All three projects (ANIONE, SpinCat, ECO2Fuel) center on AEM technology for electrochemical applications.
HYDROLITE LTD
Israeli SME developing anion exchange membranes and electrocatalysts for green hydrogen production and CO2-to-fuel electrolysis.
Their core work
Hydrolite is an Israeli SME specializing in anion exchange membrane (AEM) technology for water electrolysis and electrochemical CO2 conversion. They develop advanced polymer electrolyte membranes, electrocatalysts, and membrane-electrode assemblies — the core components that determine the efficiency and cost of green hydrogen production. Their work spans from fundamental membrane materials to full electrolysis stack integration, positioning them as a component-level technology provider for the emerging hydrogen and e-fuels economy.
What they specialise in
ANIONE and SpinCat both involve developing membrane and electrode materials for water electrolysis stacks.
SpinCat explores spin-polarized catalysts while ANIONE addresses electrocatalysts for hydrogen evolution.
ECO2Fuel (their largest project at EUR 1.4M) applies their membrane expertise to CO2-to-fuel conversion.
ECO2Fuel targets large-scale conversion of CO2 into sustainable liquid fuels using electrochemical processes.

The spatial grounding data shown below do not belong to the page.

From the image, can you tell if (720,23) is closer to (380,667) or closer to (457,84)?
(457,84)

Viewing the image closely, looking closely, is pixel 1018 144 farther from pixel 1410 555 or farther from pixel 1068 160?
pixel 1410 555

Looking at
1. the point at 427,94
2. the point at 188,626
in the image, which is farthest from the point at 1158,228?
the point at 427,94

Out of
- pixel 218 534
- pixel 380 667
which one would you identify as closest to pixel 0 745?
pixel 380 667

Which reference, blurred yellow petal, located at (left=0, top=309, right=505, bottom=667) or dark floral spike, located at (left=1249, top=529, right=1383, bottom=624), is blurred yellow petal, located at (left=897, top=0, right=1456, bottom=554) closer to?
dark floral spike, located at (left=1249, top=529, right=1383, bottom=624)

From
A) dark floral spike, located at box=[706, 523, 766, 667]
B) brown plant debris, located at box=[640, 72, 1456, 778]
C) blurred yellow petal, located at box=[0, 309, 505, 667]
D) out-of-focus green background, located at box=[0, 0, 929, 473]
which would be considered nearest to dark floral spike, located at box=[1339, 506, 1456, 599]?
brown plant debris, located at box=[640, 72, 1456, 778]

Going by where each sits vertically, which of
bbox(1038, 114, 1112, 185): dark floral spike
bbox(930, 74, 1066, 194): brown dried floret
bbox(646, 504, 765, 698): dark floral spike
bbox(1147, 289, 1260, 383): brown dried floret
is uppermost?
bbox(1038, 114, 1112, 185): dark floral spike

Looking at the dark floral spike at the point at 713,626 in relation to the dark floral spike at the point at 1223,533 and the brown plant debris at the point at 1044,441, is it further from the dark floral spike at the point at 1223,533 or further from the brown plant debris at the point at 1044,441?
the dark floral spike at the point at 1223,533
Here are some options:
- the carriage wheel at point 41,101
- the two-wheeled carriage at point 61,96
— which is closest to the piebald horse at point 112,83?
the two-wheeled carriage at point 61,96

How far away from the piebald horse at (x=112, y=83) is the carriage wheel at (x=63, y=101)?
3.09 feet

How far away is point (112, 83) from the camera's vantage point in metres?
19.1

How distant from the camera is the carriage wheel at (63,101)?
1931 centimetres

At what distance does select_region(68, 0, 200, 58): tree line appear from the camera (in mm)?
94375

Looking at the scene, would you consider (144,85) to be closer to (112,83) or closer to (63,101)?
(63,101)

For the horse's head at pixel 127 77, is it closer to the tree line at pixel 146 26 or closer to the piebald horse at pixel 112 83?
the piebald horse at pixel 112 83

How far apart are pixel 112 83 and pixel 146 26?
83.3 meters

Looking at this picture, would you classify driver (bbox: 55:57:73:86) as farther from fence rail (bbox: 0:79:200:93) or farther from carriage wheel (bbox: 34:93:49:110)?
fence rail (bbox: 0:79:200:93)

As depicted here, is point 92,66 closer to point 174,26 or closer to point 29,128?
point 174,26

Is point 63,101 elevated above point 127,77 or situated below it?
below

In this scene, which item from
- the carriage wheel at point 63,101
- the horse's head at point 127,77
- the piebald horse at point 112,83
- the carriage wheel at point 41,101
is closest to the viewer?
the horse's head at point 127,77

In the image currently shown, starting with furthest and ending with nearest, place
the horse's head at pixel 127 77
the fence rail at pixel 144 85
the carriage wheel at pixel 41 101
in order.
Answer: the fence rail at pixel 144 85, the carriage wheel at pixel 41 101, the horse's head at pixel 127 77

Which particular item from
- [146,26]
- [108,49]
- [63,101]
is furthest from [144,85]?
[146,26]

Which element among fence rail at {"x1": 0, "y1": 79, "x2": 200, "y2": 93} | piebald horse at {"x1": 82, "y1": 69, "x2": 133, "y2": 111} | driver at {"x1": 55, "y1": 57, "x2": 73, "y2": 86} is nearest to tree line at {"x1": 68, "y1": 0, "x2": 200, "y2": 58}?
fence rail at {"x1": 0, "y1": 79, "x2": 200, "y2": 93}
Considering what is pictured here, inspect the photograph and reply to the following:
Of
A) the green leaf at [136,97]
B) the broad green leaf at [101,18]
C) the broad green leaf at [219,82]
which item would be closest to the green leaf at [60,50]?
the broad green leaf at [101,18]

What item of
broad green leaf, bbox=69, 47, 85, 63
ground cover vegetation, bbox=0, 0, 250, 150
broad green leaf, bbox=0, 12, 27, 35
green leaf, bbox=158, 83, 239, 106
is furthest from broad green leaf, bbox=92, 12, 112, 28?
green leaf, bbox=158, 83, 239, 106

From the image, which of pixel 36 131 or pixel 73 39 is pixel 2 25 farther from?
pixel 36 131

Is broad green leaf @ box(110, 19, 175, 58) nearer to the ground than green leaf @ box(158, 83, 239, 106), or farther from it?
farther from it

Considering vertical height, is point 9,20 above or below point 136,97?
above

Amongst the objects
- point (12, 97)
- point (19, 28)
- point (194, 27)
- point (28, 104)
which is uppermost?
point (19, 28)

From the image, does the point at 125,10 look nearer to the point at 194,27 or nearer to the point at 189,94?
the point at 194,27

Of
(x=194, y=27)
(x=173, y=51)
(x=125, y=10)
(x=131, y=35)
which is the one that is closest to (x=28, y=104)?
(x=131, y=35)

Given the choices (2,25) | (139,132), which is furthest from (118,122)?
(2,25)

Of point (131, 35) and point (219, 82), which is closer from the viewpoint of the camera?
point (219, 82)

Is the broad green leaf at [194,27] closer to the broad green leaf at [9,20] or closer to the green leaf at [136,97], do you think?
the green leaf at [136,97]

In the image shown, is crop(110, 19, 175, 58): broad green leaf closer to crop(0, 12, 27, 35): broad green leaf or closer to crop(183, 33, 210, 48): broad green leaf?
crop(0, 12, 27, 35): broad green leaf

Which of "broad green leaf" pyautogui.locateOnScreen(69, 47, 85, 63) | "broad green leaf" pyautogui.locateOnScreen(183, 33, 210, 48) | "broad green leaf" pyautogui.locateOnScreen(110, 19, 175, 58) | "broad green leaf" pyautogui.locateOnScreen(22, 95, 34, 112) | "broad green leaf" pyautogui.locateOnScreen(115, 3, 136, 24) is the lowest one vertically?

How they've shifted over time
Hydrolite entered H2020 in 2020 focused squarely on green hydrogen — developing AEM materials and electrolysis stacks for renewable hydrogen production (ANIONE). By 2021, their focus broadened in two directions: deeper into fundamental science with spin-polarized catalysis (SpinCat), and downstream into CO2 electrolysis and e-fuels (ECO2Fuel). This evolution from pure hydrogen electrolysis toward CO2 valorization and Power-to-X signals a company expanding its membrane technology platform into higher-value applications.
Hydrolite is moving from hydrogen-only electrolysis toward broader electrochemical conversion — expect them to seek partners in CO2 capture, synthetic fuel processing, and industrial decarbonization.
How they like to work
Hydrolite participates exclusively as a partner, never as coordinator — typical for a specialized SME contributing deep technical components to larger consortia. With 29 unique partners across 10 countries from just 3 projects, they operate in substantial European consortia (averaging ~10 partners per project). This suggests they are a sought-after specialist brought in for their specific membrane and electrode expertise rather than a project initiator.

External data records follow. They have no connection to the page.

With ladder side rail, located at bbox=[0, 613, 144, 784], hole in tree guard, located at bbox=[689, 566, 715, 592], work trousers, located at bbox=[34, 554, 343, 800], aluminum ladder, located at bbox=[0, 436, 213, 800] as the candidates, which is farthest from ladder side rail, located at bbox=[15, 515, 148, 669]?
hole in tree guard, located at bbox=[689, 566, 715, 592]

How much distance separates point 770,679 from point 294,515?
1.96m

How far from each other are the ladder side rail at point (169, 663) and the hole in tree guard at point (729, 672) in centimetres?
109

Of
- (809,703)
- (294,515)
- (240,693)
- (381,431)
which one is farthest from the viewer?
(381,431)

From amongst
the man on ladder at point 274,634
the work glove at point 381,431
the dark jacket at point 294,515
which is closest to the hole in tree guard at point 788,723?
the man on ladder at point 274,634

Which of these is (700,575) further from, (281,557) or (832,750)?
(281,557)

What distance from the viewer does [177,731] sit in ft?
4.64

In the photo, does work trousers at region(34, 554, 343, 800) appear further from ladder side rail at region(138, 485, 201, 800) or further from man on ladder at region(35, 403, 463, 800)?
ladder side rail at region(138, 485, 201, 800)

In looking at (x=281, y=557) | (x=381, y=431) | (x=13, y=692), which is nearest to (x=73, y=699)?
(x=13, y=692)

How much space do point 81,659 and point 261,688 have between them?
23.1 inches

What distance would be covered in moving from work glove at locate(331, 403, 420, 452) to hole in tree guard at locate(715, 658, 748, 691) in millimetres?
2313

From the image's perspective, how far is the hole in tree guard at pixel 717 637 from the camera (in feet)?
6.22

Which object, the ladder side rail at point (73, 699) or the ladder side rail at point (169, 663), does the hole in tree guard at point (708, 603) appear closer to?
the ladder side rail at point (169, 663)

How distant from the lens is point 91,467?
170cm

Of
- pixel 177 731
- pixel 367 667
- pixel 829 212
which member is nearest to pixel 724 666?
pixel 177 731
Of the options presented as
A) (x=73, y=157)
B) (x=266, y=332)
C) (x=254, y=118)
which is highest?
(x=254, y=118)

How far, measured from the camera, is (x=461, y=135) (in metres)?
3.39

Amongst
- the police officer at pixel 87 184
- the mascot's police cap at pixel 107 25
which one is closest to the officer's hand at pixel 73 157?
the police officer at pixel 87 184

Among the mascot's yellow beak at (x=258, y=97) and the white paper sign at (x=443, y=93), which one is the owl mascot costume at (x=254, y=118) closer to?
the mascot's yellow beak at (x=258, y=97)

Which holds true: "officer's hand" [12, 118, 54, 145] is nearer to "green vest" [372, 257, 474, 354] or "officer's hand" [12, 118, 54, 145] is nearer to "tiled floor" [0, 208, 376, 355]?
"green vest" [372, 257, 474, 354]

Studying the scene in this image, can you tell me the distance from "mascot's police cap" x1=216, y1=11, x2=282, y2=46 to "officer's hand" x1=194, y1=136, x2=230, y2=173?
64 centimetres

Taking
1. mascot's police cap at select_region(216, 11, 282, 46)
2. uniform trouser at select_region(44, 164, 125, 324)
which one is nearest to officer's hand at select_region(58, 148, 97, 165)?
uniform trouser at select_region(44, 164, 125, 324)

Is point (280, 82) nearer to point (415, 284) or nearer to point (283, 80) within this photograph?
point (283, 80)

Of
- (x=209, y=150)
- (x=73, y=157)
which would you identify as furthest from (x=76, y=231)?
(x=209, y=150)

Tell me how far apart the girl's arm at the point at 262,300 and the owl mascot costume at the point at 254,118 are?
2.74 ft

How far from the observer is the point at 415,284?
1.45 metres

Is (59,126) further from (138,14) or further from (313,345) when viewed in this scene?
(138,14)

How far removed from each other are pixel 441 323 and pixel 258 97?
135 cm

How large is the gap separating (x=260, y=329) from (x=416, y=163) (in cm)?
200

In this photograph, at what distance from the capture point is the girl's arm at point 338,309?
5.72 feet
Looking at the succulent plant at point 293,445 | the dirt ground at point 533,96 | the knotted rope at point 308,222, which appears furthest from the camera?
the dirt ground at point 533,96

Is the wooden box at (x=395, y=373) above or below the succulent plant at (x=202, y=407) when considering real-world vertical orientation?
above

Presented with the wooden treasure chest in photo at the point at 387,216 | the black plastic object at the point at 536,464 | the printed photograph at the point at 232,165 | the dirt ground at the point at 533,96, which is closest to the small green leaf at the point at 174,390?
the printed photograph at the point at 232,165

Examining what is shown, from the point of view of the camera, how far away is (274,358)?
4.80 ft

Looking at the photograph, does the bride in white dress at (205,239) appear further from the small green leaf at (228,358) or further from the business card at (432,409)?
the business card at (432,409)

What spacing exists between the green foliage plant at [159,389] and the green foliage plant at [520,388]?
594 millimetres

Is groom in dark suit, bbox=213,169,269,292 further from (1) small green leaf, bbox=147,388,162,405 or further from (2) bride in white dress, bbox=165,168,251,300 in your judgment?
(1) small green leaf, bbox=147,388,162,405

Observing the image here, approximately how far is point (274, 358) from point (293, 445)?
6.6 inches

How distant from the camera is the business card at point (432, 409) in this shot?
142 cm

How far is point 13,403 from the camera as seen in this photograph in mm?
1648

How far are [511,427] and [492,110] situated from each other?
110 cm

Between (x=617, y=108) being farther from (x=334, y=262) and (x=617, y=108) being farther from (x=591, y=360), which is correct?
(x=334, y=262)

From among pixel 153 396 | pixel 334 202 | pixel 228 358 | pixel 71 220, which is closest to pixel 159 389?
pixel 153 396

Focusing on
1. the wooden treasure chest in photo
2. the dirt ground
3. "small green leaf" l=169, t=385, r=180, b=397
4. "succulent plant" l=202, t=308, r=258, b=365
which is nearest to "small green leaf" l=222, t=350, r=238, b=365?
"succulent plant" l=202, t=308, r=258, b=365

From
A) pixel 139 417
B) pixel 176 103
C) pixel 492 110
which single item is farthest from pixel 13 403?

Despite being based in Israel, Hydrolite has built a broad European network spanning 29 partners across 10 countries through just 3 projects. Their collaboration footprint is wide for a small company, indicating strong recognition of their AEM expertise across multiple research communities.
What sets them apart
Hydrolite occupies a specific niche: they are an SME that develops the actual membrane and electrode materials at the heart of AEM electrolysis — not just integrating off-the-shelf components. Their progression from hydrogen electrolysis to CO2 electrolysis shows a versatile membrane technology platform rather than a single-product company. For consortium builders, they offer something rare: a commercially oriented SME with deep materials science capability in anion exchange membranes, bridging the gap between academic research and industrial scale-up.
Highlights from their portfolio
- ECO2FuelTheir largest project (EUR 1.4M) and a strategic pivot — applying AEM expertise to CO2-to-liquid-fuel conversion at scale, running until 2026.
- SpinCatA FET-funded project exploring spin polarization effects on electrocatalysis — unusually fundamental research for an SME, suggesting strong R&D ambition.
- ANIONETheir first H2020 project and core identity — wide-scale renewable hydrogen production via AEM electrolysis, establishing their foundational expertise.